If it is a simple PDF read, then just use the following statement to OK.
$content = shell_exec ('/usr/local/bin/pdftotext '. $filename. ');
If you need to transfer to Chinese, and so on, add parameters.
$content = Shell_exec ('/usr/local/bin/pdftotext-layout-enc GBK '. $filename. ');
Of course, after adding the parameter is still not affect the conversion of English, so, rest assured use it. Need to note that, here turned out is GBK code Oh, now a lot of the site is UTF-8, want to not display garbled words, need to escape again oh.
$content = mb_convert_encoding ($content, ' UTF-8 ', ' GBK ');
So far, it's done. read out the content, you want to use, and then write code to deal with it.
Finally add the parameters of Pdftotext to everyone.

The main parameters are as follows:
OPTIONS
Many of the following options can is set with configuration file com-
Mands. These are listed into square brackets with the description of the
corresponding command line option.
-F Number
Specifies the page to convert.
-L Number
Specifies the last page to convert.
-layout
Maintain (as best as possible) the original physical layout of
The text. The default is to ' Undo ' physical Layout (columns,
Hyphenation, etc.) and output the text in reading order.
-fixed number
Assume Fixed-pitch (or tabular) text, with the specified charac-
ter width (in points). This forces physical layout mode.
-raw Keep the text in content stream order. This is a hack which
Often "undoes" column formatting, etc.
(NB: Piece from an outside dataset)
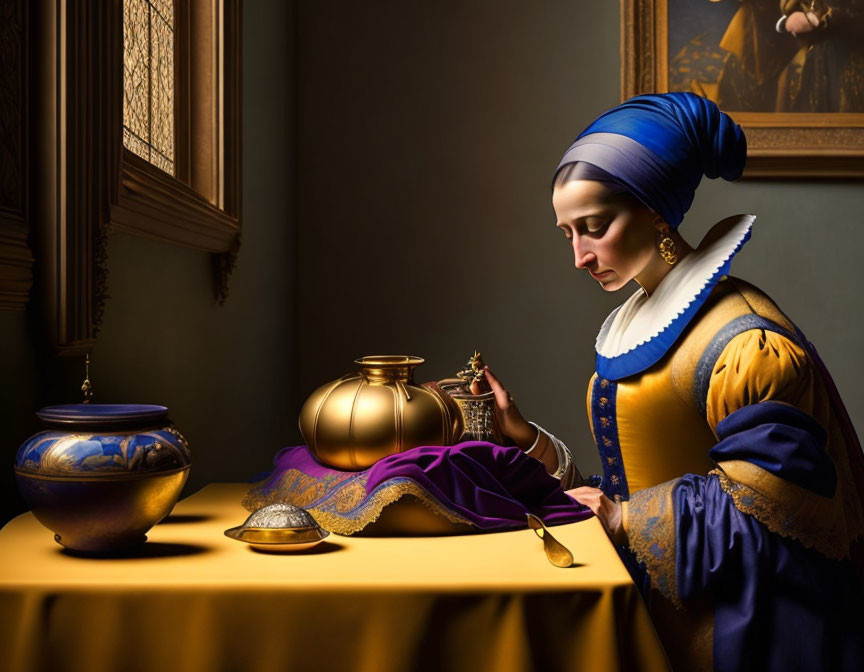 Woman in Blue Headscarf and Yellow Dress with Pearl Necklace at Table with Gold and Ceramic Vess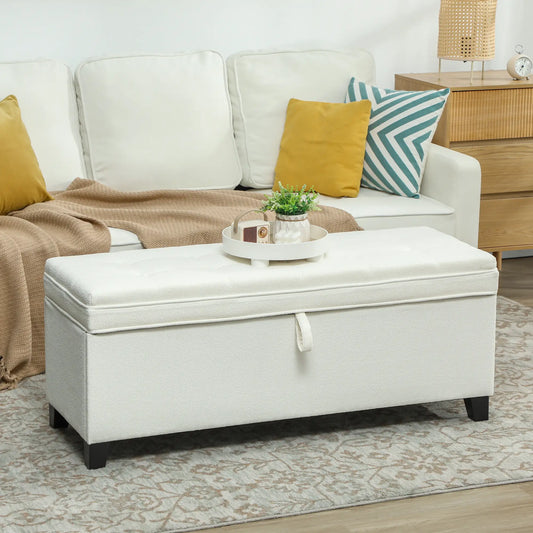 Storage Ottoman Bench, Foot Rest, 47 Inches, Cream White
Use the raw mode is no
Longer recommended.
-htmlmeta
Generate a simple HTML file, including the meta information.
This simply wraps the "text in <pre>" </pre> and prepends the
Meta headers.
-enc Encoding-name

Contact Us

The content source of this page is from Internet, which doesn't represent Alibaba Cloud's opinion; products and services mentioned on that page don't have any relationship with Alibaba Cloud. If the content of the page makes you feel confusing, please write us an email, we will handle the problem within 5 days after receiving your email.

If you find any instances of plagiarism from the community, please send an email to: info-contact@alibabacloud.com and provide relevant evidence. A staff member will contact you within 5 working days.

A Free Trial That Lets You Build Big!

Start building with 50+ products and up to 12 months usage for Elastic Compute Service

  • Sales Support

    1 on 1 presale consultation

  • After-Sales Support

    24/7 Technical Support 6 Free Tickets per Quarter Faster Response

  • Alibaba Cloud offers highly flexible support services tailored to meet your exact needs.